# EDA for Reviews

In this notebook, I explore the Yelp reviews dataset, obtain summary statistics about the reviews, and generate visualizations for the variables of interest.

In [1]:
import pandas as pd
import numpy as np
from sqlalchemy import create_engine
import matplotlib.pyplot as plt
import seaborn as sns

plt.style.use('fivethirtyeight')

engine = create_engine('postgres://postgres:moop@18.236.133.116:5432/capstone')

  """)


The entire reviews dataset has approximately 5.2 milion reviews. About 2.5 million of the reviews have 'useful' reviews. For this analysis, we will consider any review with at least 1 useful vote to be considered useful.

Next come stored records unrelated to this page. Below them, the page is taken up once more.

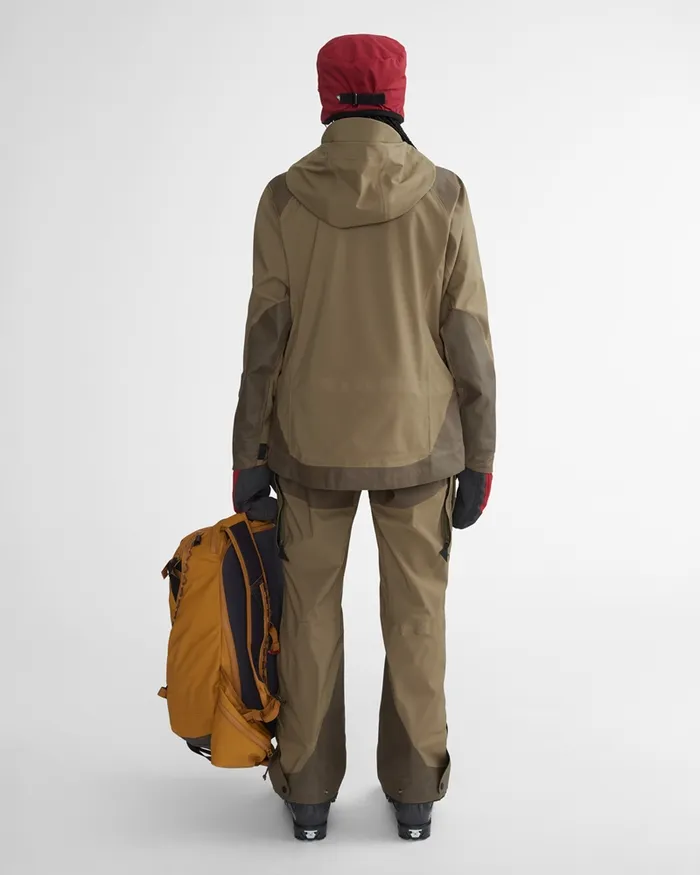 Brage 20 Waterproof Shell Jacket Mustard Women Klttermusen Waterproof Jackets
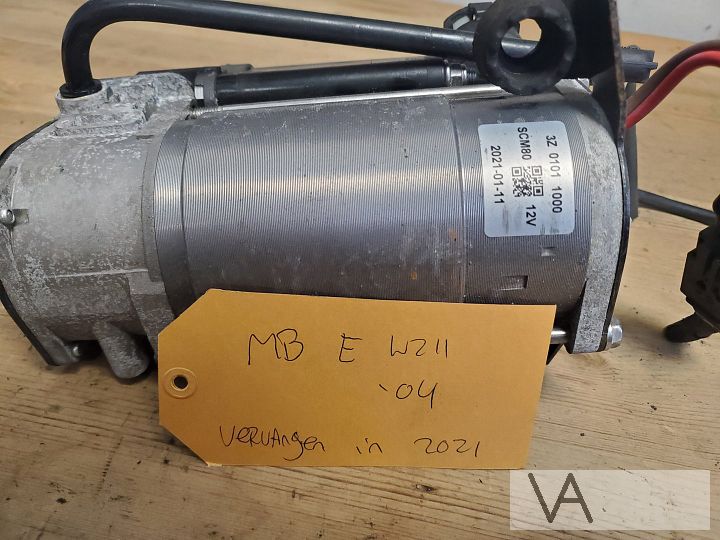 Mercedes E klasse W211 02 - 09 compressor luchtvering NIEUW – Foto 5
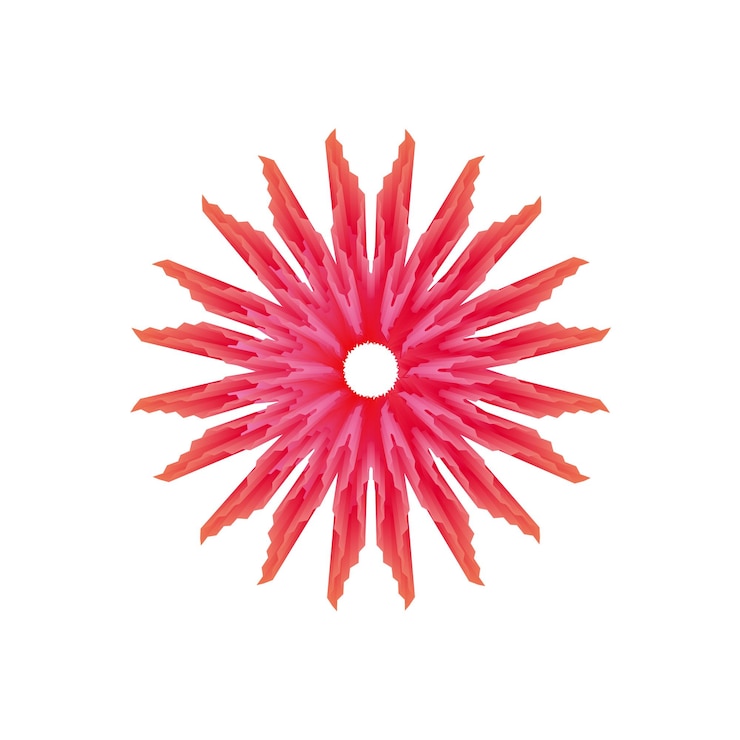 Vector flower art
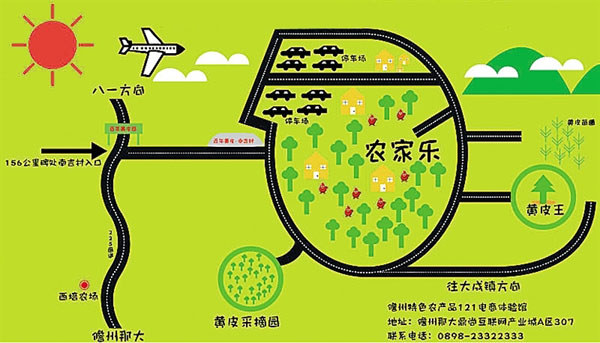 采摘黃皮活動(dòng)路線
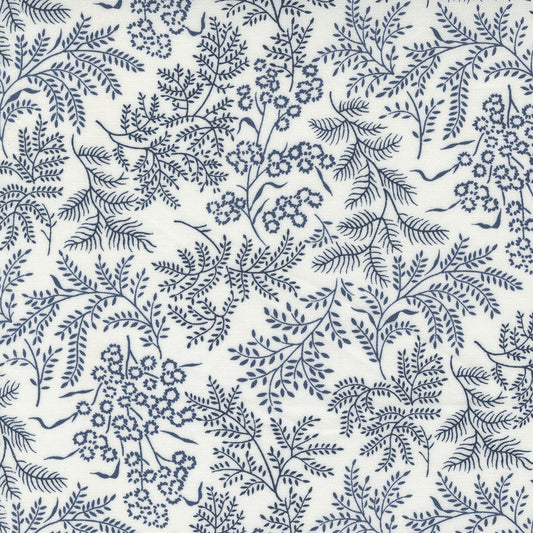 Nantucket Summer Sconset Landscape Nature Cream Navy M5526121 by Camille Roskelley for Moda fabrics (Sold in 25cm increments)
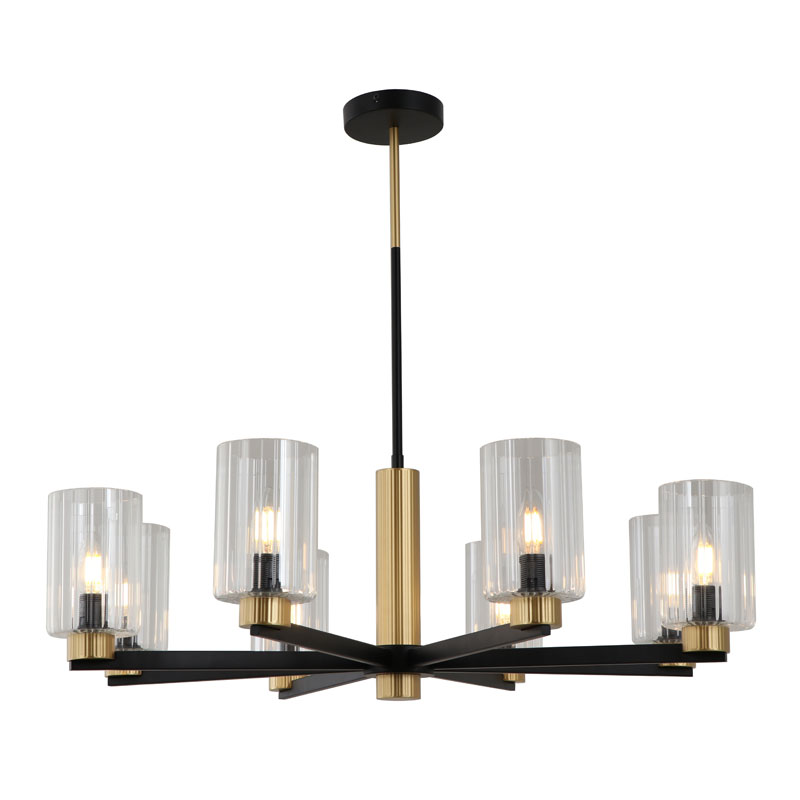 Candelabru minimalist din metal negru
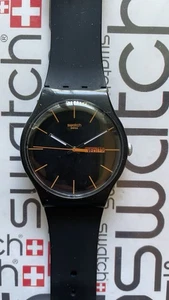 Swatch Dark Rebel SUOB704 NewGent 41mm Silicone - Picture 1 of 7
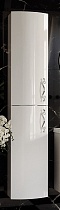Шкаф пенал Aima Amethyst 30П White L выпуклый У52810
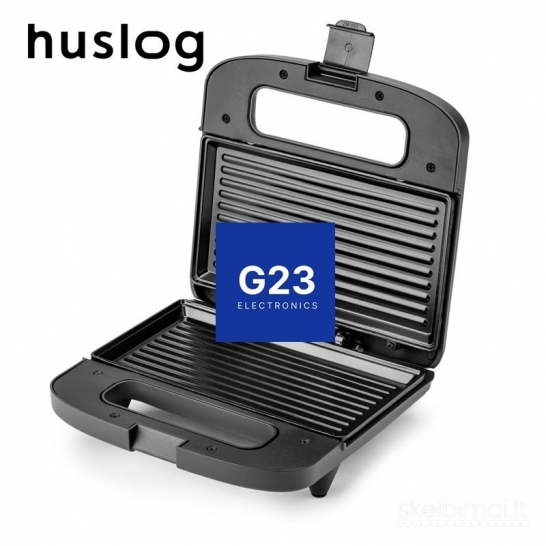2300 Elektrinė sumuštinių keptuvė grilis Huslog HUS1041 WWW.G23.LT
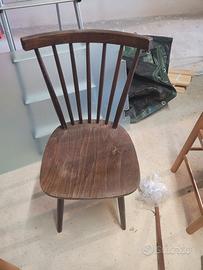 Sedia legno massiccio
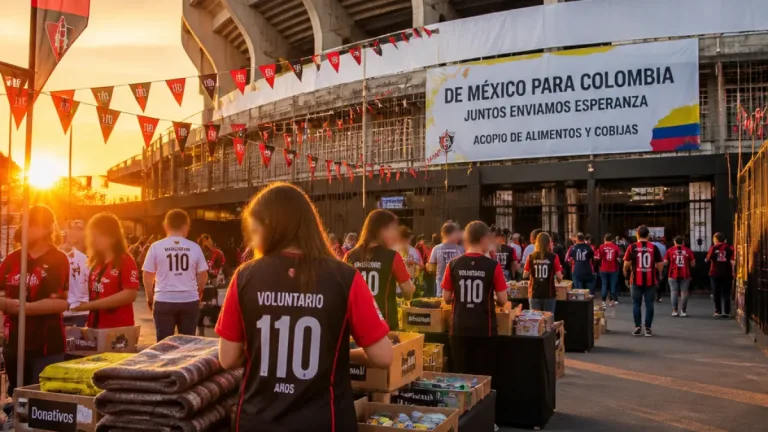 Estadio Jalisco será centro de acopio en el aniversario 110 de Atlas para apoyar a damnificados en Colombia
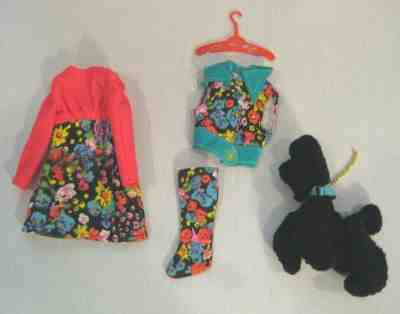 Rare Vintage Barbie Doll Poodle Doodles #1061 Put-ons & Pets Dog & Outfit Mod  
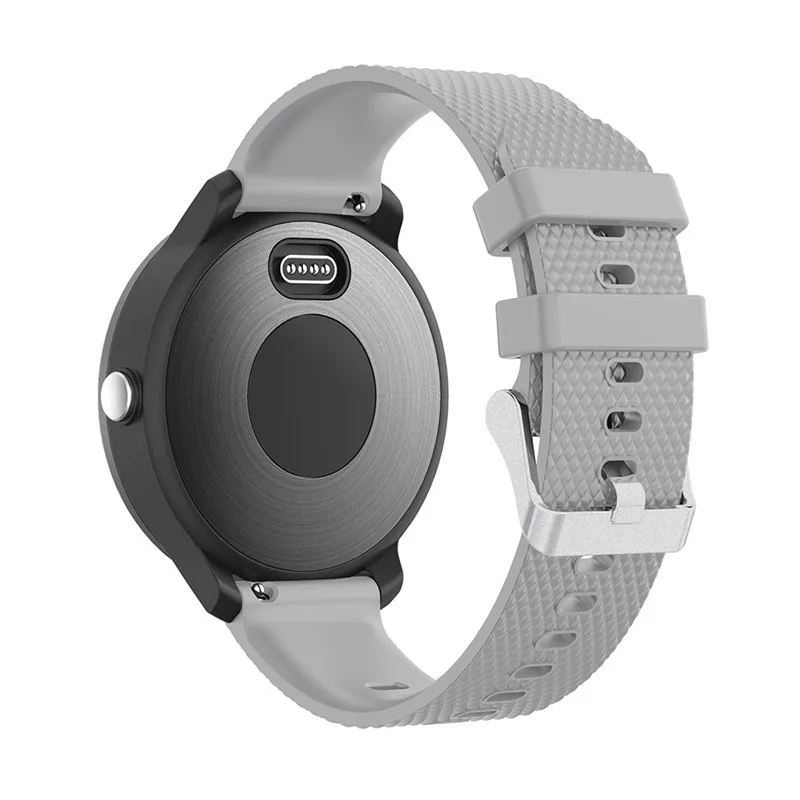 Цветной мягкий силиконовый сменный ремешок для Garmin Vivoactive3 Vivomove HR умный Браслет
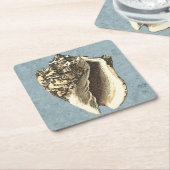 Gonespoelbare betegelschil kartonnen onderzetters (Schuin)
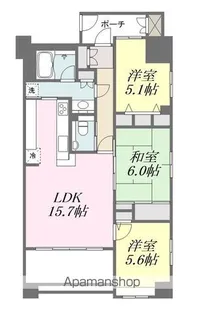 アルファステイツ市駅前【1104号室】の間取り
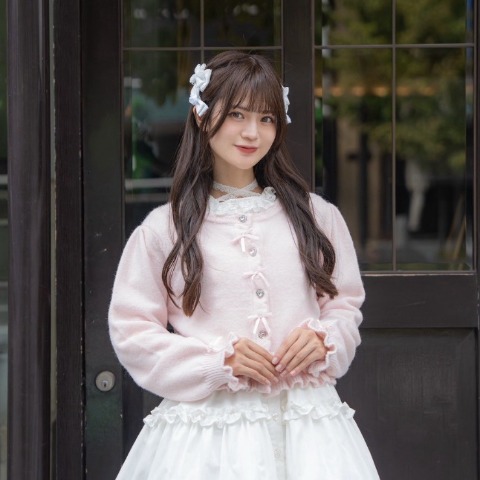 レディース　ニットカーディガン(眞白ありす)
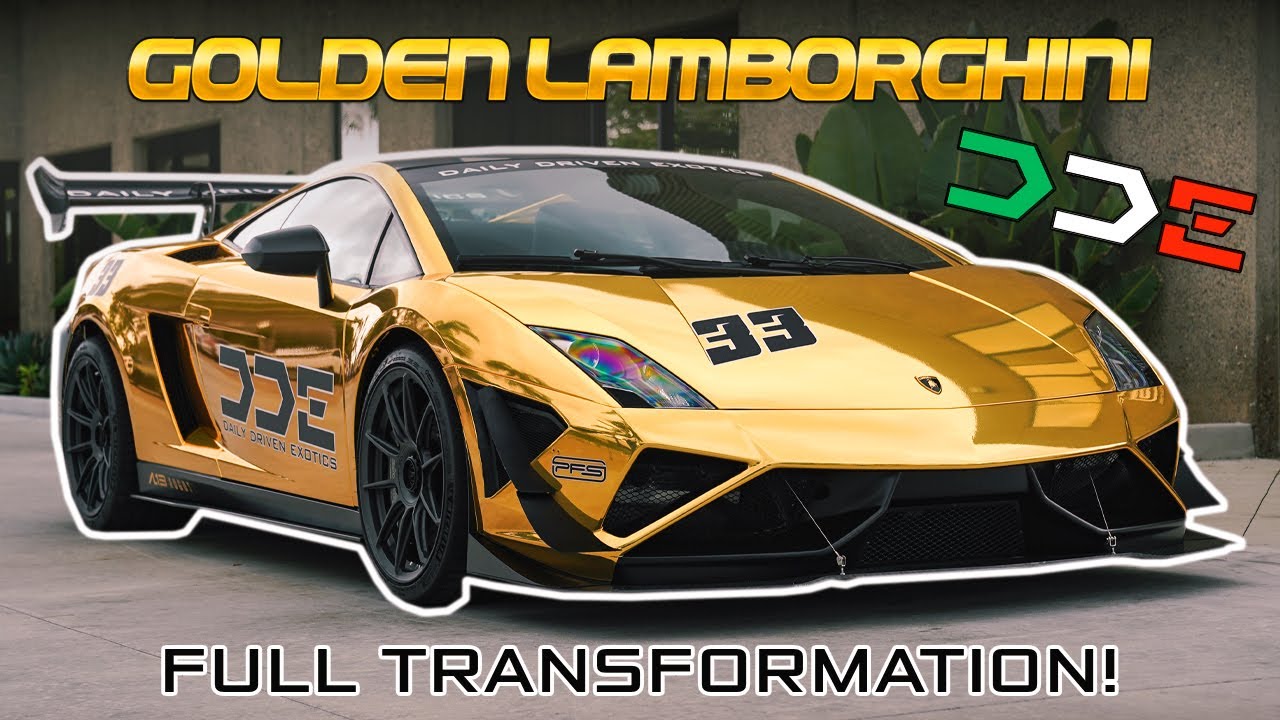 WRAPPING A LAMBORGHINI GOLD FOR DAILY DRIVEN EXOTICS! 1 of 50 Lamborghini Gallardo Squadra Corse!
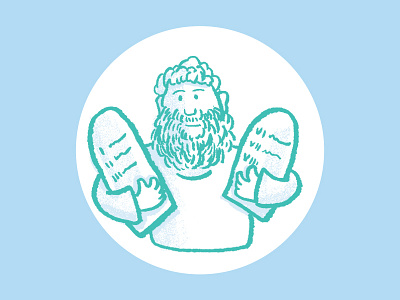 Moses character infographic line drawing moses spot illustration subtle shading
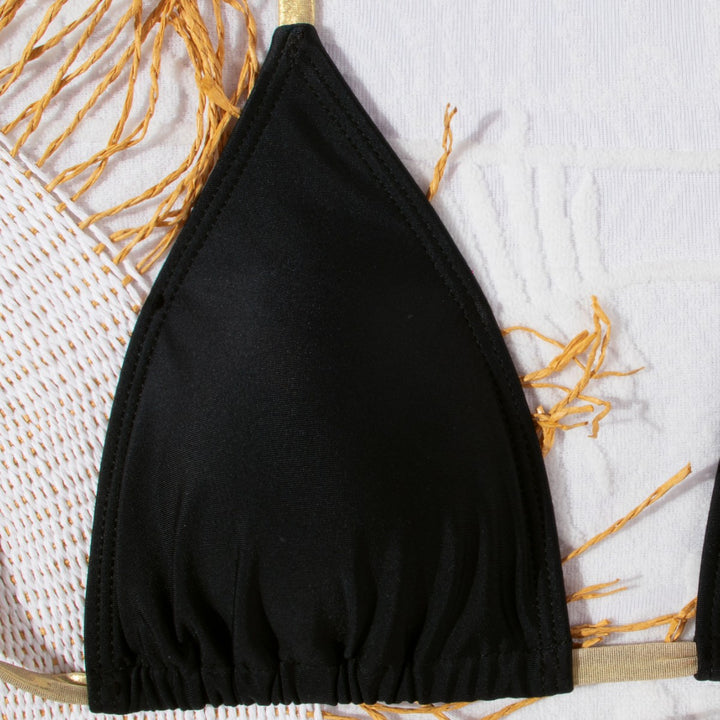 Damen Triangel-Bikini mit glamourösen Banddetails Echo Archiv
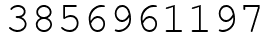 Число 3856961197.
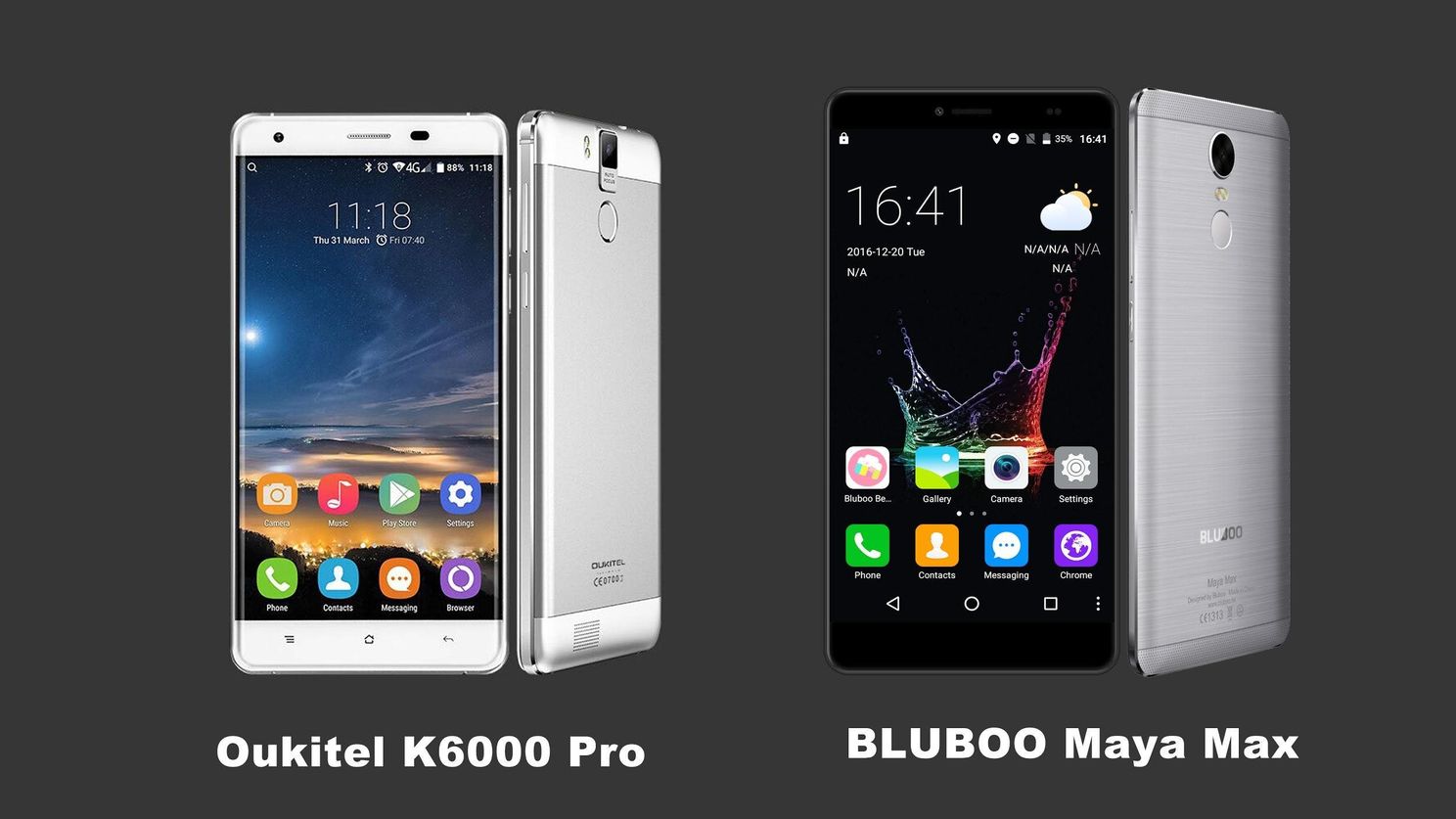 A closer look at the Bluboo Maya Max design and battery technology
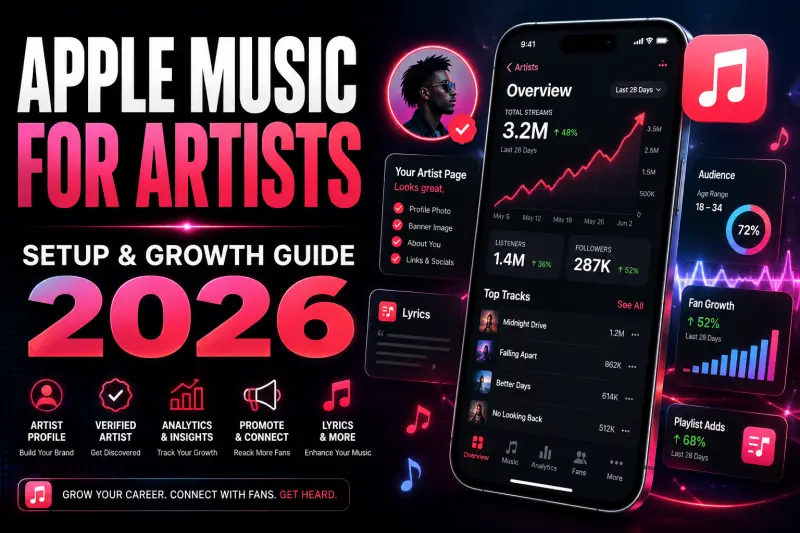 Apple Music for Artists Setup & Growth Guide 2026
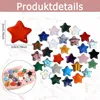 20 pezzi Stella Cristalli Set Chakra Pietra Naturale Gemme Anteprima dell’immagine prodotto 3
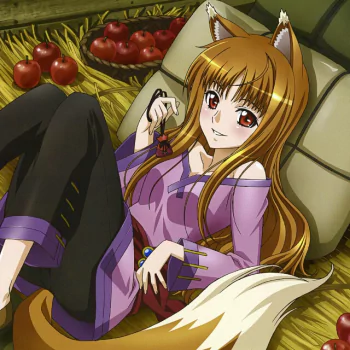 Anime Spice and Wolf PFP
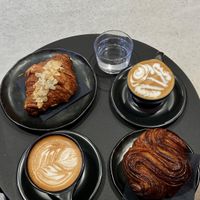 Almond croissant, layered briochee  at Margo's Amsterdam Bellamy - Oud-West in Amsterdam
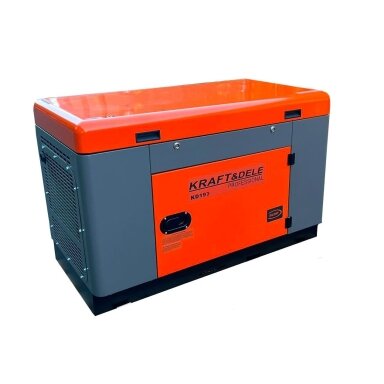 Dyzelinis generatorius 220V 12/13kW Kraftdele KD197 Dyzelinis generatorius 220V 12/13kW Kraftdele KD197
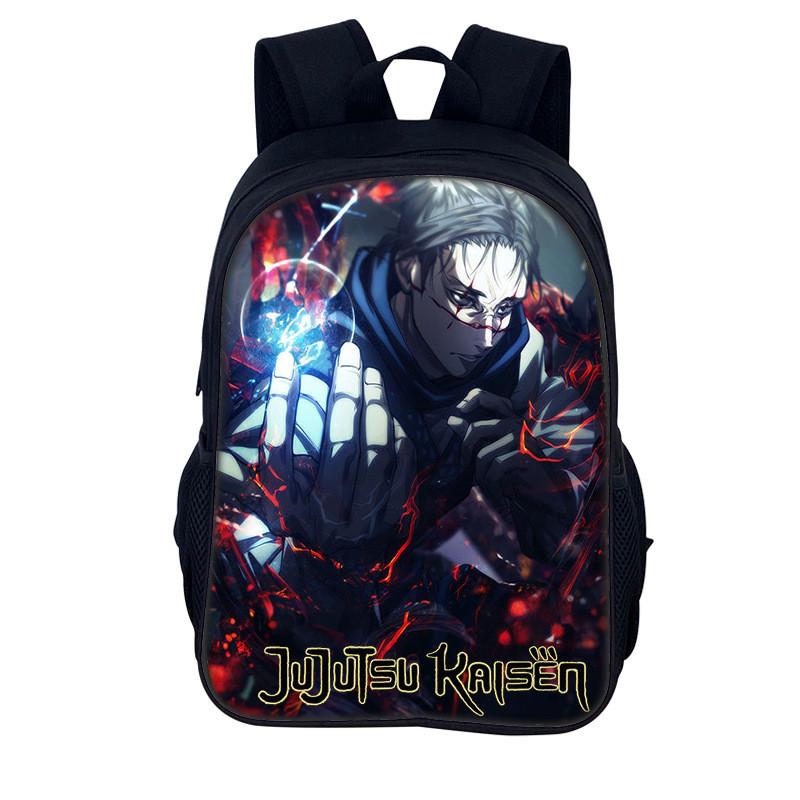 Jujutsu Kaisen Backpack For Men And Women Durable Nylon Casual School Travel Bag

I chose to randomly sample 500000 'useful' reviews and 500000 'not useful' reviews for my initial exploration as follows:

In [2]:
query = """
SELECT stars, text, useful, funny, cool
FROM reviews
where useful > 0
"""

df = pd.read_sql_query(query, engine)
df.shape

(2517186, 5)

In [None]:
query = """
SELECT *
FROM reviews
where useful = 0
ORDER BY random()
limit 500000
"""

df_notuseful = pd.read_sql_query(query, engine)
df_notuseful.shape

In [6]:
del df

## Reviews with 'useful' votes

Create review length in words:

In [4]:
df['review_length'] = df['text'].map(lambda x: len(x.split(' ')))

In [5]:
df.head()

Unnamed: 0,review_id,user_id,business_id,stars,date,text,useful,funny,cool,review_length
0,NhRRo6rIaShhtxgiJIpzkg,IyeakrwiGO4epQSoH7X_8g,t55OEa8kSgMBnGH-KzNHkw,1.0,2017-01-03,Normal arrogant foreigner who thinks he's in p...,7,1,1,27
1,kiOvZERx_t6K9eJJbYN-Kw,IyeakrwiGO4epQSoH7X_8g,MiUrif_vYOuITF4ALf7WHA,1.0,2016-10-10,"OMG! The most basic, microwave oven food you c...",3,0,0,76
2,53GierpsbVvI7-ll691qdQ,IyeakrwiGO4epQSoH7X_8g,OVczZ1qHXc3bjDprNvCKBQ,1.0,2017-03-09,1 star because of coupon deal. I dropped my ph...,2,1,0,106
3,Ep6UiGn8g_jgiGuFg0n3Bg,IyeakrwiGO4epQSoH7X_8g,BrclERrbZrQNRyBmDGawQQ,5.0,2016-08-26,Stopped here for my prefight pizza and discove...,1,1,4,46
4,CKoXVjEwCu_8FECnuZ1V-Q,IyeakrwiGO4epQSoH7X_8g,IOEGLxXwCNiq4P-U359D7Q,5.0,2016-08-17,Made a mistake and reviewed the wrong pizza sh...,1,1,1,49


In [None]:
sns.boxplot(df['review_length'])

It appears that most useful reviews are under 500 words. There is one useful review that is around 1700 words - let's take a closer look:

In [None]:
df[df['review_length'] == 1702]['text']

In [None]:
df.loc[385682, 'text']

This review has lots of empty space due to ASCII art being drawn. We can consider dropping this observation when analyzing the data.

In [None]:
df.drop(385682, inplace=True)

In [None]:
fig = plt.subplots(1, 5, figsize=(12, 8), sharey=True)
plt.title('Boxplot of review length by score')
for i in [1, 2, 3, 4, 5]:
    plt.subplot(1, 5, i) 
    sns.boxplot(df[df['stars'] == i], df[df['stars'] == i]['review_length'], orient='v')
    plt.xlabel(str(i)+' stars')

Overall, it looks like reviews of all levels mostly are 250 words or under. It appears that 5 star reviews may be a little shorter in general (75th percentile at 350 words compared to around 400 for other star levels).

In [None]:
plt.scatter('funny', 'useful', data=df)

In [None]:
plt.scatter('cool', 'useful', data=df)

2 of the reviews seems to have a large amount of useful votes.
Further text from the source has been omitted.